RE: [PATCH] x86/hyper-v: Zero out the VP assist page to fix CPU offlining
From: Dexuan Cui
Date: Thu Jul 18 2019 - 03:52:43 EST
> From: Thomas Gleixner <tglx@xxxxxxxxxxxxx>
> Sent: Thursday, July 18, 2019 12:01 AM
> ...
> Those are two different things. The GPF_ZERO allocation makes sense on its
> own but it _cannot_ prevent the following scenario:
Hi tglx,
The scenario can be prevented.
The VP ASSIST PAGE is an "overlay" page (please see Hyper-V TLFS's Section
5.2.1 "GPA Overlay Pages", on page 38 of the spec).

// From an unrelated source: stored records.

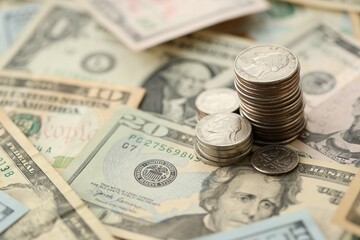 American US dollars money bills with coins and constitution close up on american flag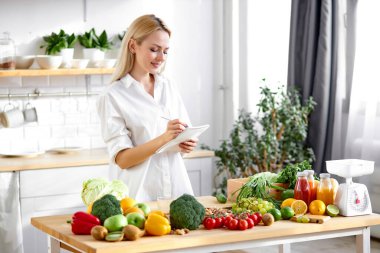 Kadın tarifleri panoya yazıyor. Masada taze meyve ve sebze var.
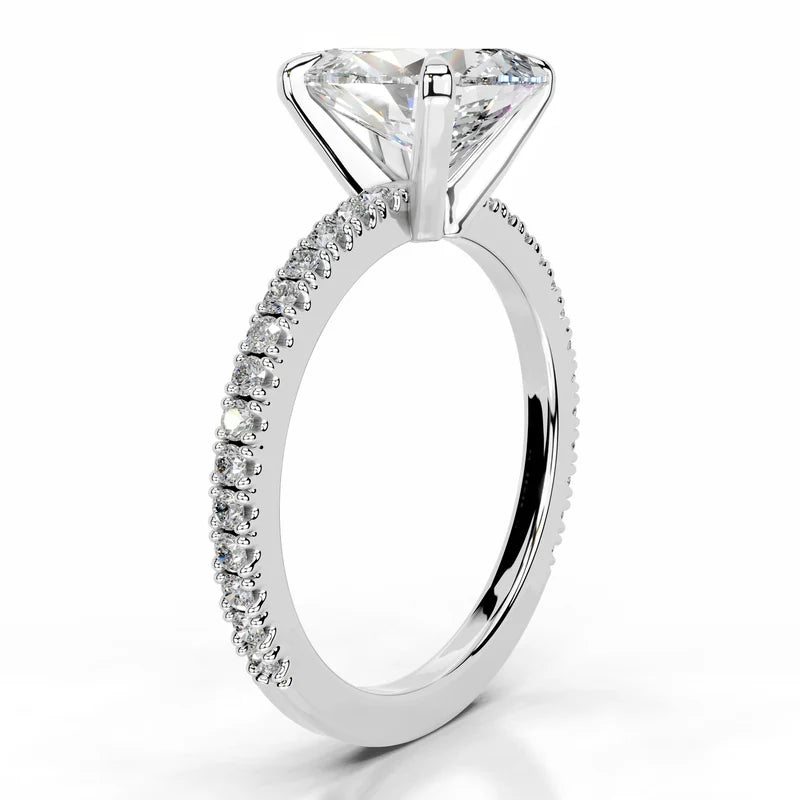 White :: IGI certified pear lab grown diamond ring with round accent stones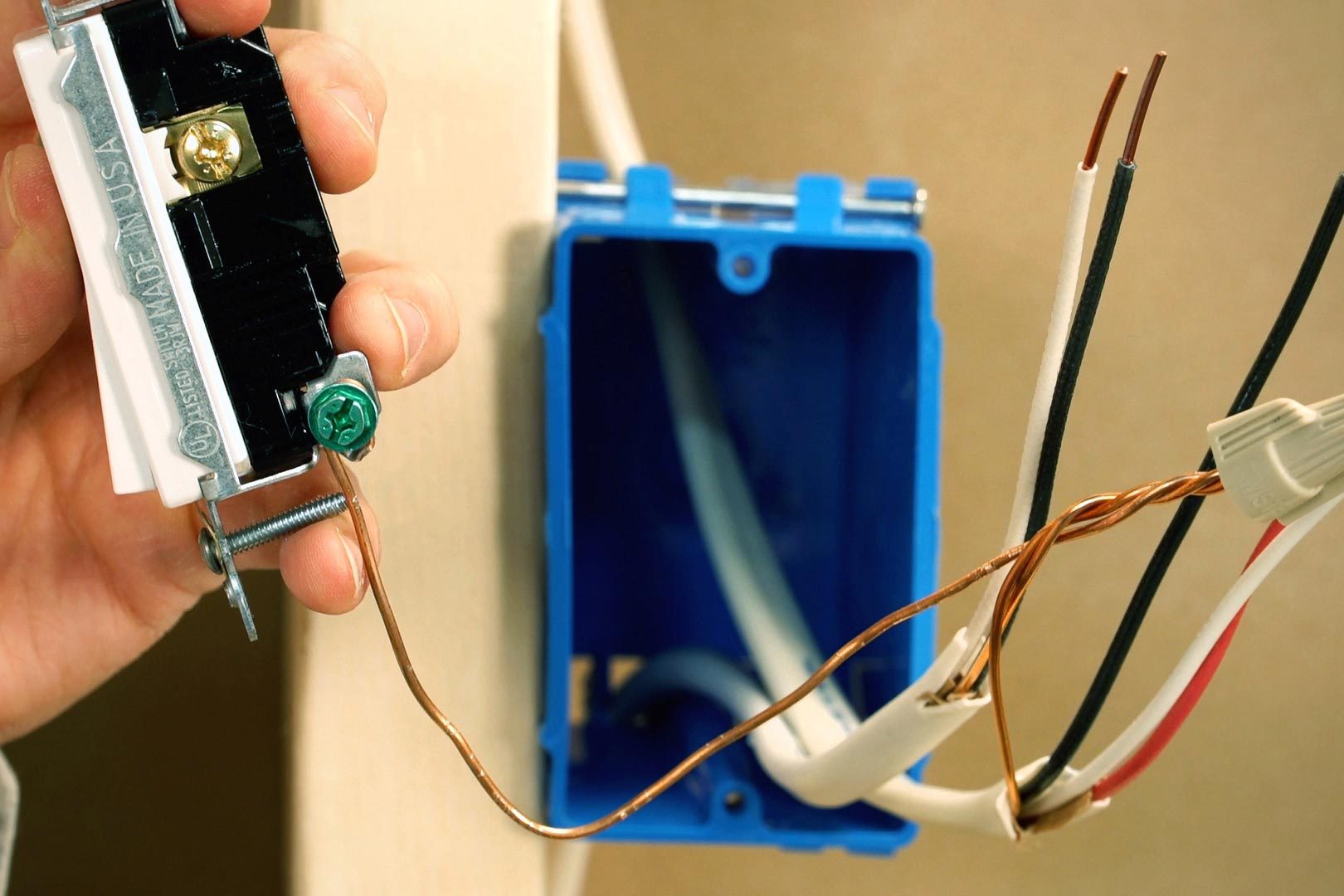 wire wrapped around a green screw on the switch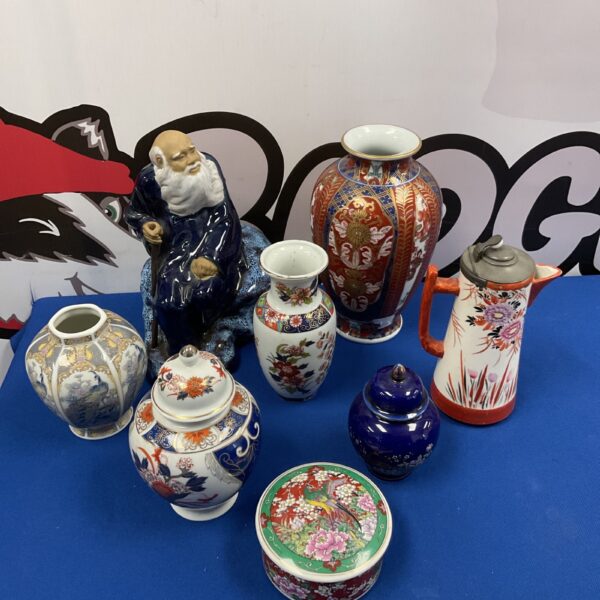 Collection of antique Japanese and Chinese porcelain vases and jars.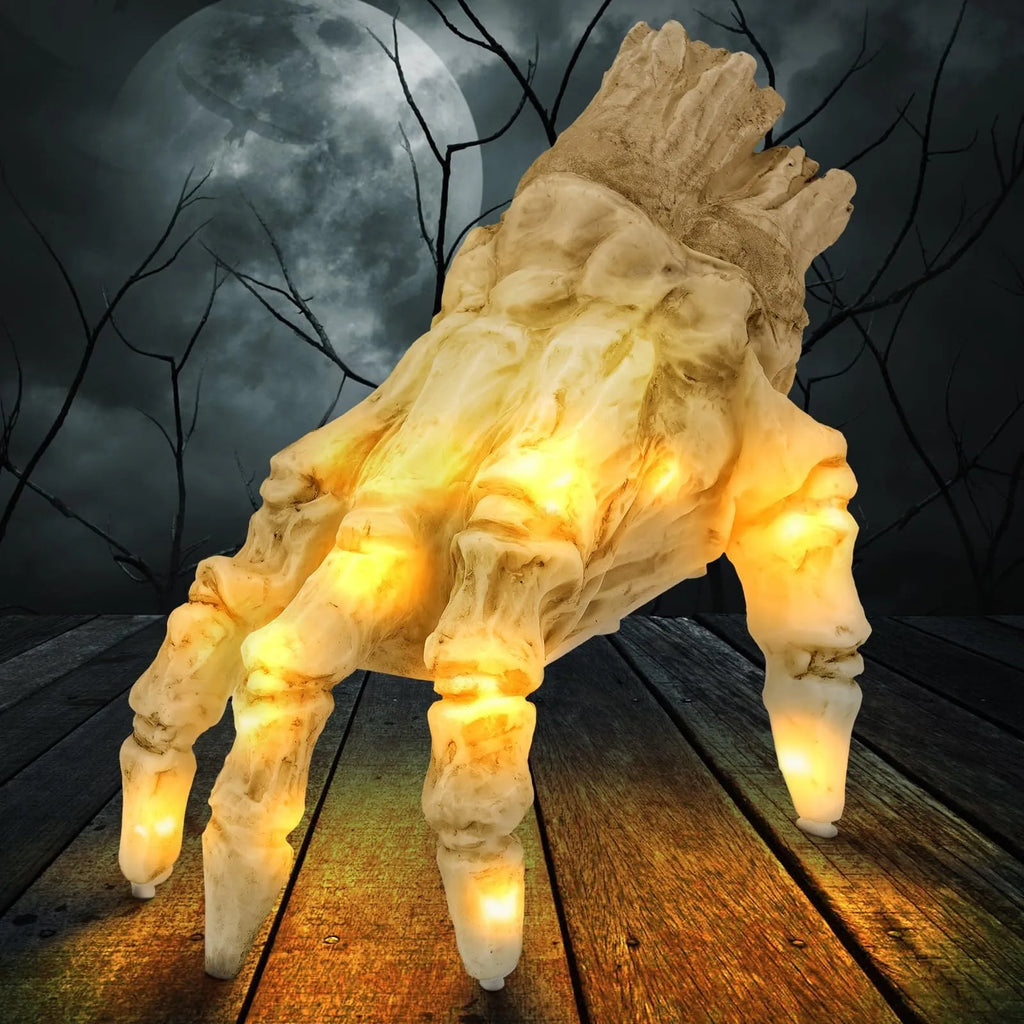 Halloween electric luminous crawling hand on floor, glowing warm colour, vinyl zombie hand with spooky sound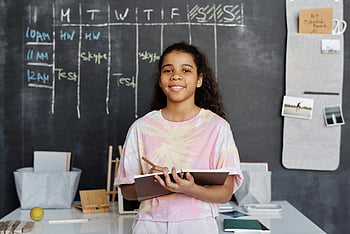 girl in pink shirt, holding notebook, smiling teen girl, classroom, chalkboard timetable, education, student, learning, school, study, desk
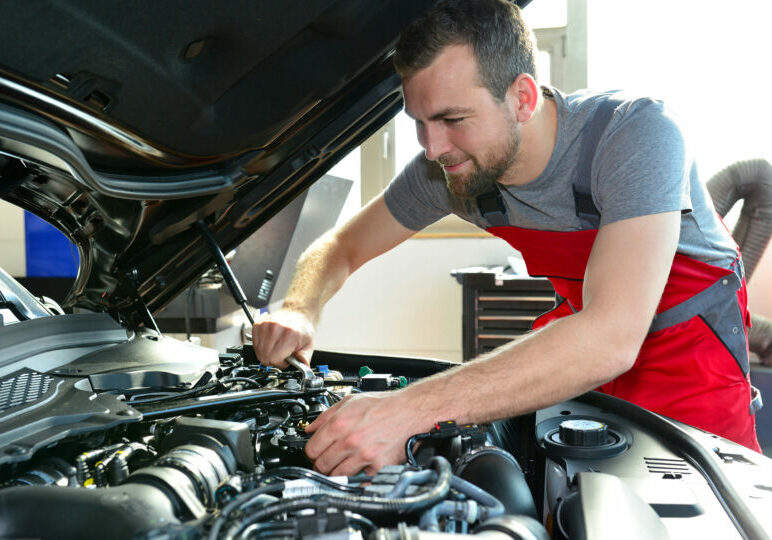 Professional Mechanic Repairs Engine Of Car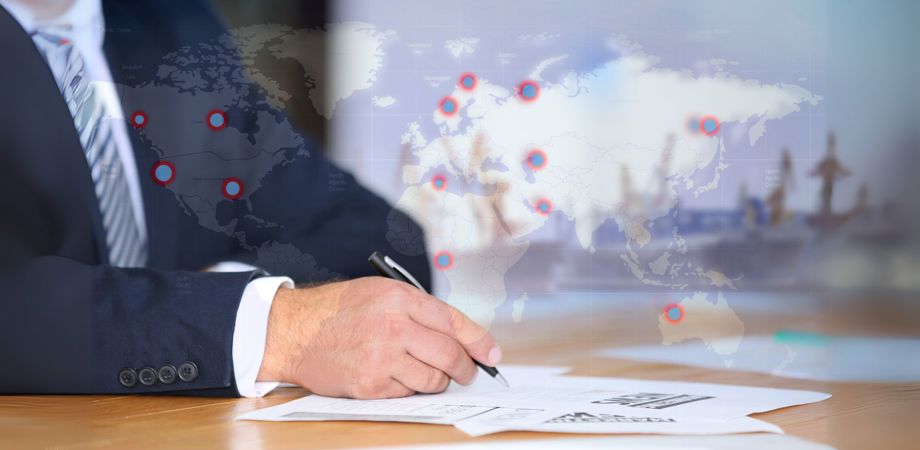 A businessman signing documents with a digital world map overlaid and a shipyard in the background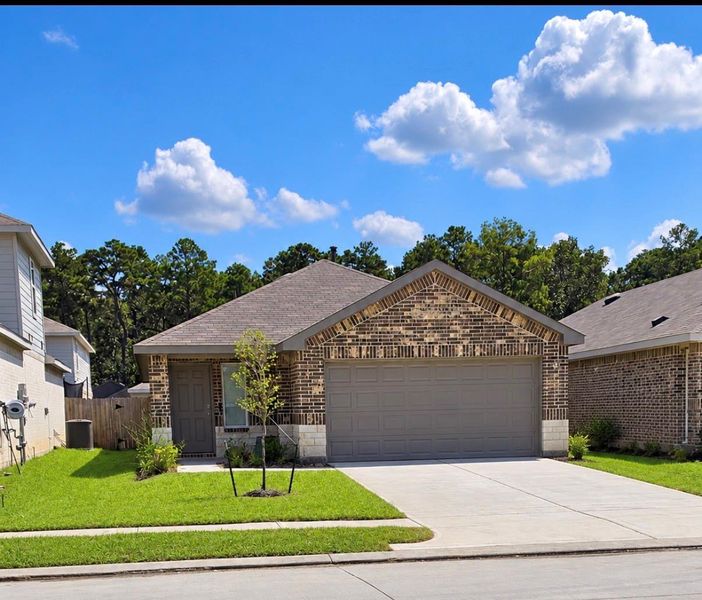 Front exterior of a new home in Breckenridge Forest, Spring, TX, highlighting curb appeal (Image 17).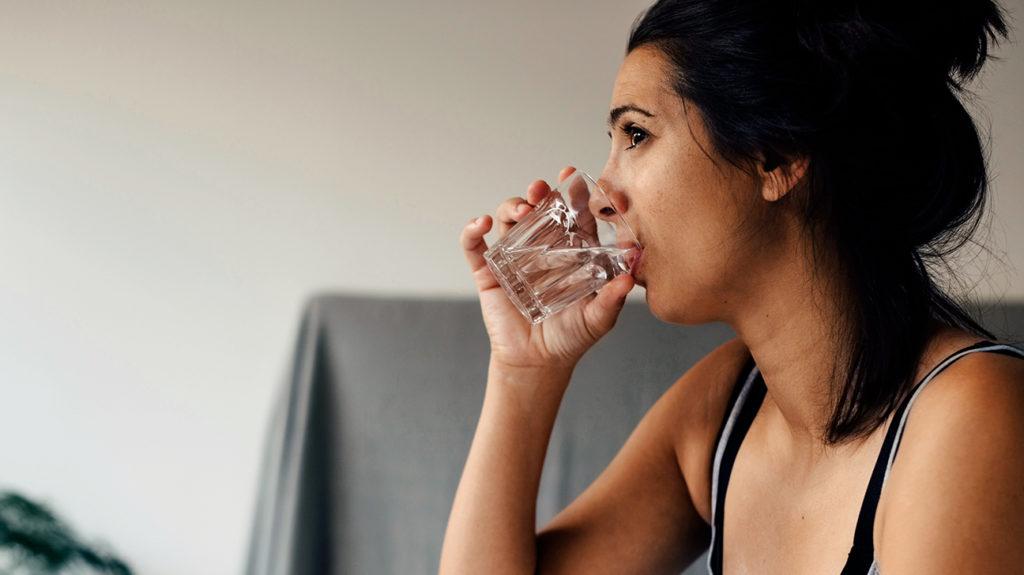 a woman drinking water as that it one way in how to get over jet lag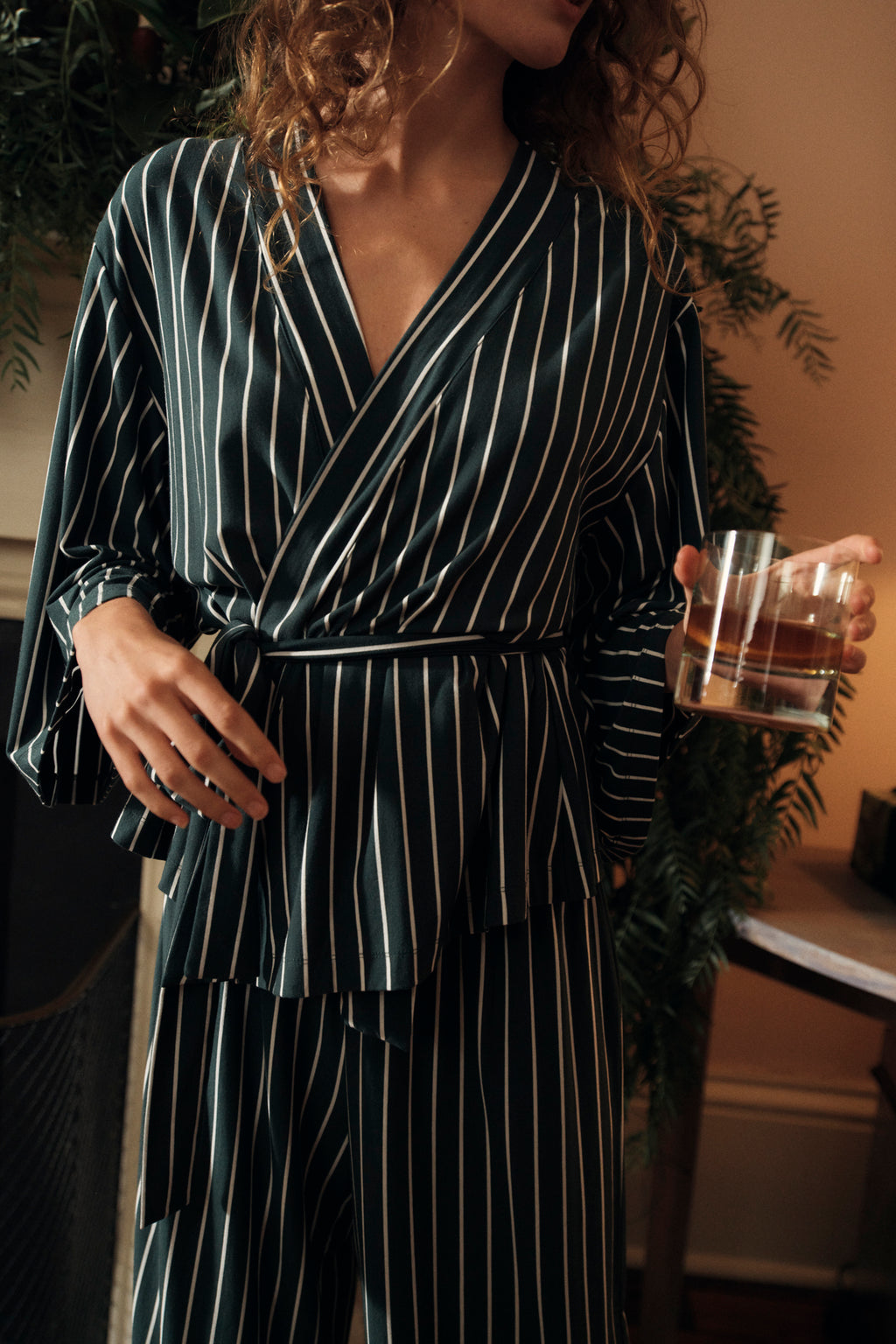 Wearing the DreamModal Kimono Pajama Set in Conifer Stripe, a person holds a glass of water. Cozy indoor lighting and lush green plants enhance the inviting atmosphere in the background.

The spec can be downloaded from
https://docs.microsoft.com/en-us/virtualization/hyper-v-on-windows/reference/tlfs
(choose the v5.0c release)
Here is an excerpt of the section:
"
The hypervisor defines several special pages that "overlay" the guest's GPA
space. The hypercall code page is an example of an overlay page. Overlays
are addressed by Guest Physical Addresses (GPA) but are not included in the
normal GPA map maintained internally by the hypervisor. Conceptually,
they exist in a separate map that overlays the GPA map.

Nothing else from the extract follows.